Responsible for some of the most elegant and age-worthy wines in the world, Nebbiolo, named for the ubiquitous autumnal fog (called nebbia in Italian), is the star variety of northern Italy’s Piedmont region. Grown throughout the area, as well as in the neighboring Valle d’Aosta and Valtellina, it reaches its highest potential in the Piedmontese villages of Barolo, Barbaresco and Roero. Outside of Italy, growers are still very much in the experimentation stage but some success has been achieved in parts of California. Somm Secret—If you’re new to Nebbiolo, start with a charming, wallet-friendly, early-drinking Langhe Nebbiolo or Nebbiolo d'Alba.
The center of the production of the world’s most exclusive and age-worthy red wines made from Nebbiolo, the Barolo wine region includes five core townships: La Morra, Monforte d’Alba, Serralunga d’Alba, Castiglione Falletto and the Barolo village itself, as well as a few outlying villages.

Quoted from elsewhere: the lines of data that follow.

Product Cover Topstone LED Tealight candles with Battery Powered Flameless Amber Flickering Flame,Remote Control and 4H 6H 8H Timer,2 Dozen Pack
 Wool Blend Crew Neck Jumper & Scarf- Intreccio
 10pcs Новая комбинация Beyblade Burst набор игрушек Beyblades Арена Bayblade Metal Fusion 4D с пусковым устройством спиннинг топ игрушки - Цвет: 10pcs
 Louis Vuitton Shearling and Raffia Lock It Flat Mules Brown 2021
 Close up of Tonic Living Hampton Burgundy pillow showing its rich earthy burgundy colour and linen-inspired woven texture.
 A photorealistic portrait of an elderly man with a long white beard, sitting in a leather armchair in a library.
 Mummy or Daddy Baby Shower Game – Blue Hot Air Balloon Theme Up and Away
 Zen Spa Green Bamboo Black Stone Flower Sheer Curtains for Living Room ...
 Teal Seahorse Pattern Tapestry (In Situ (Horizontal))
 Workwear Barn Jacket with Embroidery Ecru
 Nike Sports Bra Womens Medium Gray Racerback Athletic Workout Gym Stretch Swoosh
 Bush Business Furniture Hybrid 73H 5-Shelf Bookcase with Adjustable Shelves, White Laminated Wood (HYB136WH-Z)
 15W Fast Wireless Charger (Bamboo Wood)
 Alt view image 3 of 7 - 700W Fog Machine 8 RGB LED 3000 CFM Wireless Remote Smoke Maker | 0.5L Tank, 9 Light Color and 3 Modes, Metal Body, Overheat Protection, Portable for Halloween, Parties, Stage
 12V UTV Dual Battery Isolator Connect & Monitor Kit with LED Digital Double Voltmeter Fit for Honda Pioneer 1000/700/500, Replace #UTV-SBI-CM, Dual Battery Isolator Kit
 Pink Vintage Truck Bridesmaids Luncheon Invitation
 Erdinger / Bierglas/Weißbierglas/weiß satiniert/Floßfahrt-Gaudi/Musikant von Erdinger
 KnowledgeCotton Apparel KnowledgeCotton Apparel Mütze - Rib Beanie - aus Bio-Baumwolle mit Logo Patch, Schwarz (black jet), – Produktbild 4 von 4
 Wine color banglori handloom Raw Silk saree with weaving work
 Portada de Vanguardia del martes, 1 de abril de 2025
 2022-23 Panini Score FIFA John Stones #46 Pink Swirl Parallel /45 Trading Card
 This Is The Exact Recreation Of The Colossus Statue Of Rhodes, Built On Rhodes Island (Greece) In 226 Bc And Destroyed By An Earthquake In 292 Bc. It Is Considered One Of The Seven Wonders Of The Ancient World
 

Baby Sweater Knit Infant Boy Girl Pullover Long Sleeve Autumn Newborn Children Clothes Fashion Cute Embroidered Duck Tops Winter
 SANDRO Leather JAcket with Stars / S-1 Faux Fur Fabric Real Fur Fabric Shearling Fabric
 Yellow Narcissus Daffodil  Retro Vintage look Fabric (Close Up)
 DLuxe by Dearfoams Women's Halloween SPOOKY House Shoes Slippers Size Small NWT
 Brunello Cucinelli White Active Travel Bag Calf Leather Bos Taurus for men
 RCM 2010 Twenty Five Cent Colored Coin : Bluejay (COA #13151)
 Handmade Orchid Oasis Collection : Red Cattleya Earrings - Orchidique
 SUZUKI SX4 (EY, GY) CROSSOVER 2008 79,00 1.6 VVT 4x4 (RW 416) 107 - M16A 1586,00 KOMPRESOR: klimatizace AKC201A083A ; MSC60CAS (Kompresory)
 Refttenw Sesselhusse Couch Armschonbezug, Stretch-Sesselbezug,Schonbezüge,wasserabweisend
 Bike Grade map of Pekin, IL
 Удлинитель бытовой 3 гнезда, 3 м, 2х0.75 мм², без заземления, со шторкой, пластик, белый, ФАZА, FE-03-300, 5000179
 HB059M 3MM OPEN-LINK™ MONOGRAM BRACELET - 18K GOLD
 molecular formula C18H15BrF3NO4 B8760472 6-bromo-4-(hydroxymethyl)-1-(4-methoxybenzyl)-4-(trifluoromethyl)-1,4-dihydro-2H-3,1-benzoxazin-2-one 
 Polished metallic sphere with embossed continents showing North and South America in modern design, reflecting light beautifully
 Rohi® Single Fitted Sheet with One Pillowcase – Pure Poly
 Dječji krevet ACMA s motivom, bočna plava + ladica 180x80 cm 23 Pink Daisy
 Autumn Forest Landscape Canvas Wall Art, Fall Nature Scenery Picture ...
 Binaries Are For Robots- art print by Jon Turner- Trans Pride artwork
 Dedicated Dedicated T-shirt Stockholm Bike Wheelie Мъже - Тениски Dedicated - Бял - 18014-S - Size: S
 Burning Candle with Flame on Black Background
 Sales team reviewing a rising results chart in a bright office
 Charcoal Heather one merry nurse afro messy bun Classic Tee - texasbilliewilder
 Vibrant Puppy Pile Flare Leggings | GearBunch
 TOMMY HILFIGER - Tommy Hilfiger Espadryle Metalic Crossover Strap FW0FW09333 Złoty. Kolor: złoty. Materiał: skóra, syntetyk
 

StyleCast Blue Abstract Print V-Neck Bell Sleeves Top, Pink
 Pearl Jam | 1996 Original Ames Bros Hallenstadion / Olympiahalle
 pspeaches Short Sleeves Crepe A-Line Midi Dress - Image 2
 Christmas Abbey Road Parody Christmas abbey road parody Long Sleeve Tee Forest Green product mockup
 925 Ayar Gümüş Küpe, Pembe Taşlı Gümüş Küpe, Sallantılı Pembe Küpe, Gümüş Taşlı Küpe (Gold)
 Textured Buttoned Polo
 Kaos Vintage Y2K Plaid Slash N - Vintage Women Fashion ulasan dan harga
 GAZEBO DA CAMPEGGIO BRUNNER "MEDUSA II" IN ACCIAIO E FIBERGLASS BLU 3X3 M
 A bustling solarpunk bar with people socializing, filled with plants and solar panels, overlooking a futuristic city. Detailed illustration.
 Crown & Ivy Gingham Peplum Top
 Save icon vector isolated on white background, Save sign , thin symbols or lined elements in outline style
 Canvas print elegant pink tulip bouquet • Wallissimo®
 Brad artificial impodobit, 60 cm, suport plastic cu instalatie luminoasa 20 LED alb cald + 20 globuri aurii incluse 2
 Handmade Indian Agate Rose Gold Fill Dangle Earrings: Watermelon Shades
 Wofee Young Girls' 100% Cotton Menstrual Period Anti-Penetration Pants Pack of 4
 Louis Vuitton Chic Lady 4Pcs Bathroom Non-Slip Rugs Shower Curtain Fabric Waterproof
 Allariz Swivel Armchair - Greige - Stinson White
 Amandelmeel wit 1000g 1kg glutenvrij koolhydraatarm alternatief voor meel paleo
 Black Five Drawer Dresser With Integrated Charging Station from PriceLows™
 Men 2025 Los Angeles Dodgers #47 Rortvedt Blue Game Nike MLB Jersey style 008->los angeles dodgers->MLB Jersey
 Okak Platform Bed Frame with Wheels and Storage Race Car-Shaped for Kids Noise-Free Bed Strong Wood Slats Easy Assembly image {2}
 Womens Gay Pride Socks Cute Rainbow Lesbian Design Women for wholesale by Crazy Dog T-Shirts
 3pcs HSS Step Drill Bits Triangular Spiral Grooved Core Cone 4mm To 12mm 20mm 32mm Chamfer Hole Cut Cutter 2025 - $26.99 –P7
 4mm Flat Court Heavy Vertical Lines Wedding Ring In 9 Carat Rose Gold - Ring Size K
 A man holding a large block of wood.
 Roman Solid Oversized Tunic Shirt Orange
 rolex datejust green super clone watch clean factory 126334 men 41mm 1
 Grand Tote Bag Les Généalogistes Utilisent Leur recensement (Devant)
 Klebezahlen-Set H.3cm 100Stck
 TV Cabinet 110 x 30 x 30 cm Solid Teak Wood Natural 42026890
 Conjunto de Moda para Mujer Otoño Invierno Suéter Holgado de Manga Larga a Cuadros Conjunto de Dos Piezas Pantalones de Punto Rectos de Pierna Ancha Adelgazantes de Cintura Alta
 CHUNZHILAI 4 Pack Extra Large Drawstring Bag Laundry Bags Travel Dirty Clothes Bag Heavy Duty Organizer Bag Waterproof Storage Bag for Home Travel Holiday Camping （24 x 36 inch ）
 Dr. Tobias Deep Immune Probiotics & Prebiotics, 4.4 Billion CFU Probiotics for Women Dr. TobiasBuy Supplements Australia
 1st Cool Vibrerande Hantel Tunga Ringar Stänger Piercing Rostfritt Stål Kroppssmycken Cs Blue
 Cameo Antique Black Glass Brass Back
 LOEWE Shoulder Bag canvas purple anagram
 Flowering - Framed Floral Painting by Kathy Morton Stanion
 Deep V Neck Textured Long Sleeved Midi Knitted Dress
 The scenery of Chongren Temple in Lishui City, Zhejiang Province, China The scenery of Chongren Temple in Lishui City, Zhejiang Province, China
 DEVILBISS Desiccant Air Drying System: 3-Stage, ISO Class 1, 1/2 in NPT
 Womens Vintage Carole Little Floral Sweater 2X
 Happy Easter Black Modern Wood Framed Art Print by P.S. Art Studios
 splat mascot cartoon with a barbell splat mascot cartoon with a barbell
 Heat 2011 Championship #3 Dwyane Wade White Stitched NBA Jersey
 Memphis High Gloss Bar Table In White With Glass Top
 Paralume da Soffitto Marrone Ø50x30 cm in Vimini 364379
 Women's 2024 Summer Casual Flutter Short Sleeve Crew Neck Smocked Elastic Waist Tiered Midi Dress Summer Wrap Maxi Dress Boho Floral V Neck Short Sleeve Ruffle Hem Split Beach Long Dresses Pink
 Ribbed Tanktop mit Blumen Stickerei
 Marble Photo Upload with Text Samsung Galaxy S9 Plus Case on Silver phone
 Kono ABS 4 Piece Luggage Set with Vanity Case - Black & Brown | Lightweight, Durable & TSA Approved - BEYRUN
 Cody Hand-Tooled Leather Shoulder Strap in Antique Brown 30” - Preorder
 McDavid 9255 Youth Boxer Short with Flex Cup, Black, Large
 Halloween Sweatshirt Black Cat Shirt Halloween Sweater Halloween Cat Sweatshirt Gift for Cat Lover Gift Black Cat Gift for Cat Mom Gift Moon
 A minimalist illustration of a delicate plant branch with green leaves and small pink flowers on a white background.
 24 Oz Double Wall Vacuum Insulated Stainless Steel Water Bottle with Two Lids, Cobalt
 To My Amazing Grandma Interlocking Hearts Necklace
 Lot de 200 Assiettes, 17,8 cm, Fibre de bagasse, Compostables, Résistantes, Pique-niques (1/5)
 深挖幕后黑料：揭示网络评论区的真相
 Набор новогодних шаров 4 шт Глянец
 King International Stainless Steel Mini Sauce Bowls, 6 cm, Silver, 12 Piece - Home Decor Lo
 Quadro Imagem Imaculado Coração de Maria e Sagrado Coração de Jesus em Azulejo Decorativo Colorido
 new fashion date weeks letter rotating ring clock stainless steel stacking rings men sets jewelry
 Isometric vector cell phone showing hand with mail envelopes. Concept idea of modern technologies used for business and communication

The landscape of Barolo, characterized by prominent and castle-topped hills, is full of history and romance centered on the Nebbiolo grape. Its wines, with the signature “tar and roses” aromas, have a deceptively light garnet color but full presence on the palate and plenty of tannins and acidity. In a well-made Barolo wine, one can expect to find complexity and good evolution with notes of, for example, strawberry, cherry, plum, leather, truffle, anise, fresh and dried herbs, tobacco and violets.
There are two predominant soil types here, which distinguish Barolo from the lesser surrounding areas. Compact and fertile Tortonian sandy marls define the vineyards farthest west and at higher elevations. Typically the Barolo wines coming from this side, from La Morra and Barolo, can be approachable relatively early on in their evolution and represent the “feminine” side of Barolo, often closer in style to Barbaresco with elegant perfume and fresh fruit.
On the eastern side of the Barolo wine region, Helvetian soils of compressed sandstone and chalks are less fertile, producing wines with intense body, power and structured tannins. This more “masculine” style comes from Monforte d’Alba and Serralunga d’Alba. The township of Castiglione Falletto covers a spine with both soil types.
The best Barolo wines need 10-15 years before they are ready to drink, and can further age for several decades.